As Tonle Sap, Mekong Ebb, So Does Transport

Water levels in the Tonle Sap lake and Mekong river are unusually low for this time of year, hindering transportation and the livelihoods of surrounding communities, officials and local villagers said yesterday.

Mao Hak, director of water re­sources at the Ministry of Water Re­sources and Meteorology, said the Mekong river and the Tonle Sap had not experienced such low water levels in 12 years.

“It’s happening now, and it happened before in 1992 and in 1998,” he said.

Mr Hak said he thought the wa­ter levels were perhaps due to factors related to climate change or the limited amount of rainfall during last year’s rainy season, adding that in recent days rains had slightly raised water levels.

Minh Bunly, Tonle Sap coordinator for the fisheries NGO Fact, said water levels on the lake were so low many of the larger boats found it difficult to reach local communities while people and businesses had to rely on smaller craft.

“The main problem of the shallow water is transportation,” he said. “The big boats cannot cross; the fish traders cannot take the big boat to buy fish from the fishermen.”

Mr Bunly said more smaller boats are needed to make more frequent trips to buy fish from local villages, which reduced the prices traders were willing to pay fishermen.

“The traders give a lower price to fishermen because they spend much money on transportation,” he said.

Sokh Ly Muth, governor of Pur­sat province’s Kandieng district, which is lapped by the Tonle Sap lake, said the fish industry was down in his district because of water transport problems.

“The villagers cannot sell out their fish and they have to transport the fish themselves to sell at the market. Before, traders came to the villages,” he said.

Pra Huot, a fisherman from Pursat province’s Raingtoel commune, said he could not remember a time when water levels were as low.

“It’s the lowest ever. I am 42 and I never met this problem. It’s happening along all the provinces along the Tonle Sap,” he said, adding the water was perhaps 40 cm deep, while at this time last year it was about a meter deep.

His village of Koh Keo is located on a remote part of the Tonle Sap lake’s shore which made it hard for traders to reach with current water levels, he said.

“This year, the fish price is cheaper, it cost 7,000 riel per kilo last year and it’s now down to 5,200 riel per kilo,” Mr Huot said. “The price is lower due to the shallow water the traders cannot reach our village.”

Tonle Sap biosphere reserve director Long Kheay said the lake’s fisheries were so far unlikely to be affected by water conditions, adding however that fish farmers could experience problems in raising their fish.

“Water levels don’t impact fish [stocks] yet, although it’s too dry,” he said. “The water level is low and it’s hot.
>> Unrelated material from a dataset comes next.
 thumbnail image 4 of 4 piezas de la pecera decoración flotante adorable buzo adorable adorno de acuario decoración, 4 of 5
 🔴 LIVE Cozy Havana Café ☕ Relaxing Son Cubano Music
The fish farms will have a pro­blem and fish might die in the cage if fish farmers don’t take care.”

Around 500,000 families are estimated to be living directly off the Tonle Sap’s fisheries, many of them are engaged in small-scale fish farming, raising fish in submerged cages in the lake.

Tek Vannara, communication officer at the Culture and Environment Preservation Association based in Stung Treng, said levels in the Mekong River in that province had been unusually low.

“This year, the situation on the Mekong is very bad. The water is very shallow,” he said, adding that villagers along the river had difficulty collecting water from the river and riverbank agriculture was suffering from drought, while fish were concentrated in deep water pools where they were vulnerable to over-fishing.